For instance, the time devoted to meetings by members of the senior management team, preparation time by the president and senior staff, and logistical arrangements could add up to well over $100,000 (£63,000) for a two-day meeting.
To make this a price worth paying, members must not only be committed to the university they must also be knowledgeable about the institution and its challenges, and they must arrive well prepared.
One advantage of having a committee is that a continuing relationship develops between the university, its senior management and the external advisers, and thus trust and insights are built up over time.
There are various other rules to ensure that the relationship is as rewarding as possible.
Committee members should be given hands-on experience at the host institution - through conversations with academics, students and others, as well as the inevitable interaction with top management.
The topics discussed at committee meetings must always be relevant and within the purview of expertise of the members.
This might involve long- and medium-term institutional strategy, proposed policies relating to governance, the academic profession, new curriculum plans, internationalisation and other macro issues.
Time and expertise should not be wasted on the minutiae of administrative matters, personnel policies or other detailed management and academic decisions - although policies concerning the promotion and evaluation of academics might be within its remit.
The meetings themselves must be carefully planned, with sufficient time allocated for each theme, and lengthy presentations by university administrators must be avoided.
In this instance, size matters. The university group that participates in the meeting must be small enough to permit productive discussions, but it can be worthwhile to include senior faculty members as well as more junior colleagues in meetings. However, it is important that the discussions remain confidential, so invitations have to be handed out with care.
The university must also be willing to expose problems and even crises to the committee members, not just its good news and accomplishments. Ultimately, the committee should be viewed not as a rubber-stamping executive group, but as part of the academic community.
Unlike a formal university board of trustees or governors, which exercises statutory supervisory responsibilities that sometimes place university leaders and board members in an antagonistic relationship, one of the major benefits of an international advisory board is that it can provide a non-threatening platform for candid feedback on the university's performance. It can also allow the sharing of external experience to inform the university's strategy.

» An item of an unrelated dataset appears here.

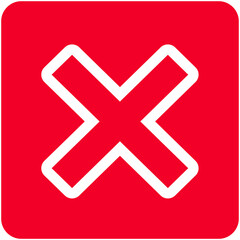 Fototapeta premium Cross Mark icon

Distinguished outsiders can bring an original perspective, help raise awareness about new challenges, provide relevant advice based on long experience from a range of institutions, and perhaps present innovative approaches derived from international good practices.
Dialogue between the university community and knowledgeable and sympathetic outsiders can yield useful insights. And there's nothing wrong with a bit of extra prestige.

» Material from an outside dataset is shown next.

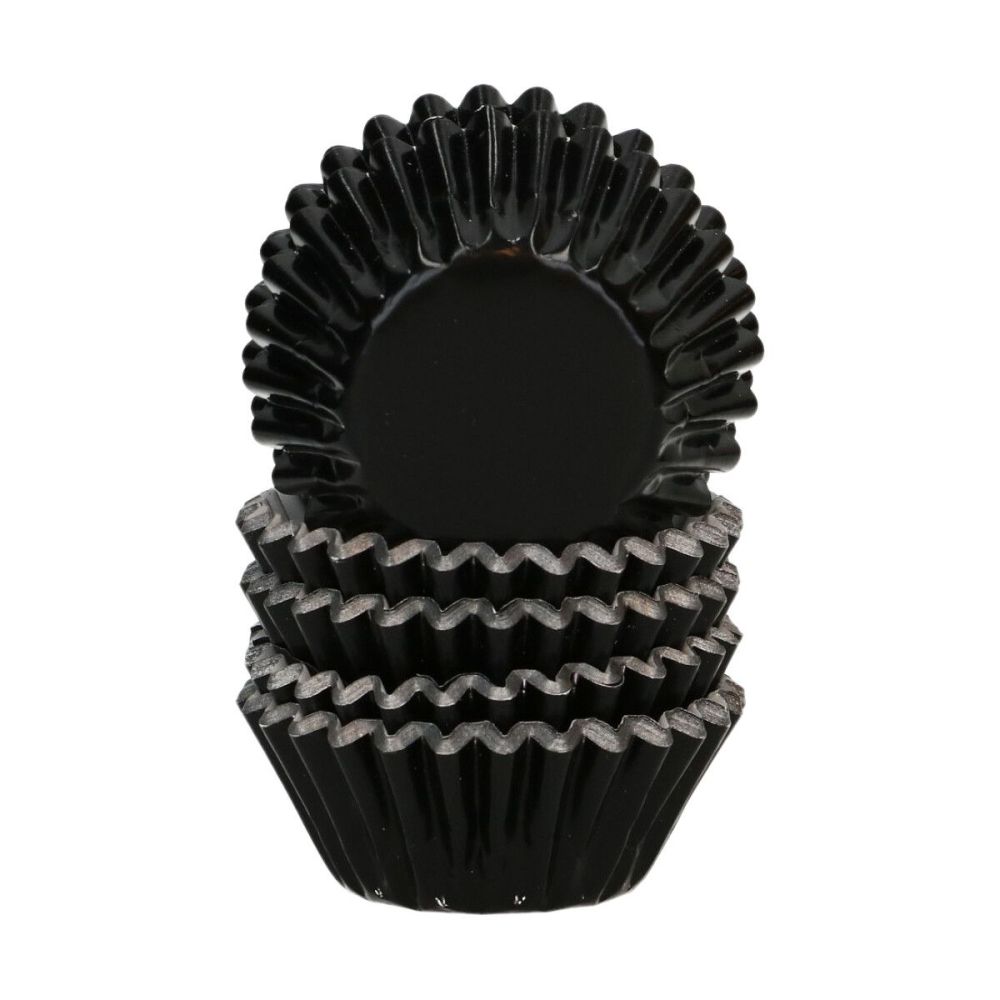 Muffin baking cups - Wilton - Black 3 cm 160 pcs.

Who's who on international advisory boards
While many universities rely on their own staff to guide them on international strategy, others are looking further afield.
The group of experts advising King Abdullah University of Science and Technology in Saudi Arabia, for example, is drawn from six different countries.
With 16 members, KAUST's International Advisory Council aims to support and advise the president "on the overall academic development of the university towards establishing KAUST as a globally renowned graduate university that makes significant contributions to scientific and technological advancements", the university says.
It is chaired by Sir Richard Friend, Cavendish professor of physics at the University of Cambridge's Cavendish Laboratory. Members "are selected on the basis of their leadership, expertise and experience in scientific, technical, business and academic domains".
They include Wolfgang Herrmann, president of the Technical University of Munich; Samuel Bodman, former US secretary of energy; Bai Chunli, executive vice-president of the Chinese Academy of Sciences; and Charles Elachi, director of the Jet Propulsion Laboratory in the US.
In the UK, it is common for university research centres, and individual schools within universities, to have international advisory boards.
However, it is unusual to have a university-wide external international committee.
At the University of Oxford, both the Said Business School and the Oxford Martin School (an interdisciplinary research centre tackling global challenges) have global advisory councils, but the university itself does not.
Instead, a spokeswoman says, Oxford has a small administrative group - the International Strategy Office - that is responsible for developing "a coherent corporate strategy to promote Oxford's international relations, global profile and international competitiveness".
Staff in the office work as internal "consultants" for the university on issues such as Oxford's approach to international student recruitment and funding; the integration of international academic staff and students; international collaborations; and promoting deeper engagement with key countries and regions.
A spokeswoman for Oxford explains: "At Oxford, international strategy is part and parcel of our strategy to pursue excellence in teaching, research and contributions to society, so we embed it in the work of the bodies that determine the university's strategy and policies generally rather than hiving international strategy off into a separate, external group."
Newcastle University takes a different approach; it has both an internal Internationalisation Strategy Group and an external Internationalisation Special Interest Group.
The latter draws on external expertise "to explore ways of building on our already strong international reputation", a spokeswoman for the university says.
Its members include Robert Hull, the former head of the division for environment policy and sustainable development at the European Commission; Paul Walker, the former chief executive of Sage Group; and Mark I'Anson, chair of Newcastle University's council and chairman of Northern Enterprise.